Cummins Katherine, Gill Saar
Peter MacCallum Cancer Centre, University of Melbourne, 305 Grattan Street, Melbourne, VIC 3000, Australia.
Division of Hematology-Oncology, University of Pennsylvania Perelman School of Medicine, 8-101 Smilow Center for Translational Research, 3400 Civic Center Boulevard, Philadelphia, PA 19104, USA.
Hematol Oncol Clin North Am. 2023 Dec;37(6):1125-1147. doi: 10.1016/j.hoc.2023.06.004. Epub 2023 Jul 11.

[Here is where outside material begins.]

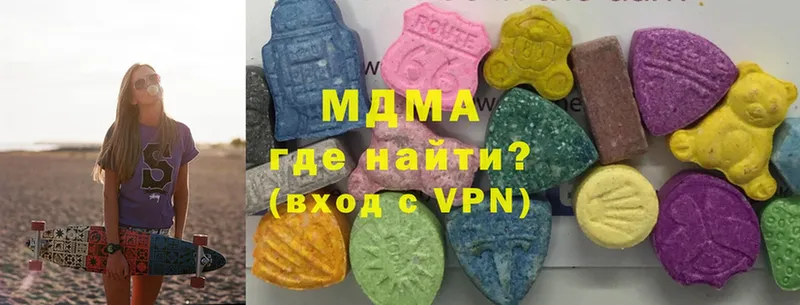 Сколько стоит Губкин АМФЕТАМИН  Alpha-PVP  Марихуана  Меф мяу мяу  Cocaine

Up to 30% of patients with acute myeloid leukemia (AML) who undergo chimeric antigen receptor (CAR) T-cell therapy have evidence of response, although trials are highly heterogeneous. These responses are rarely deep or durable. CD123, CD33, and CLL-1 have emerged as the most common targets for CAR T cells in AML. CAR T cells against myeloid antigens cause myeloablation as well as cytokine release syndrome, although neurotoxicity is rarely seen. Future efforts should focus on AML-specific antigen discovery or engineering, and on further enhancing the activity of CAR T cells.
高达30%接受嵌合抗原受体(CAR)T细胞疗法的急性髓系白血病(AML)患者有反应迹象,尽管试验具有高度异质性。这些反应很少是深度或持久的。CD123、CD33和CLL-1已成为AML中CAR T细胞最常见的靶点。针对髓系抗原的CAR T细胞会导致骨髓消融以及细胞因子释放综合征,尽管很少见神经毒性。未来的工作应集中在AML特异性抗原的发现或工程改造,以及进一步增强CAR T细胞的活性。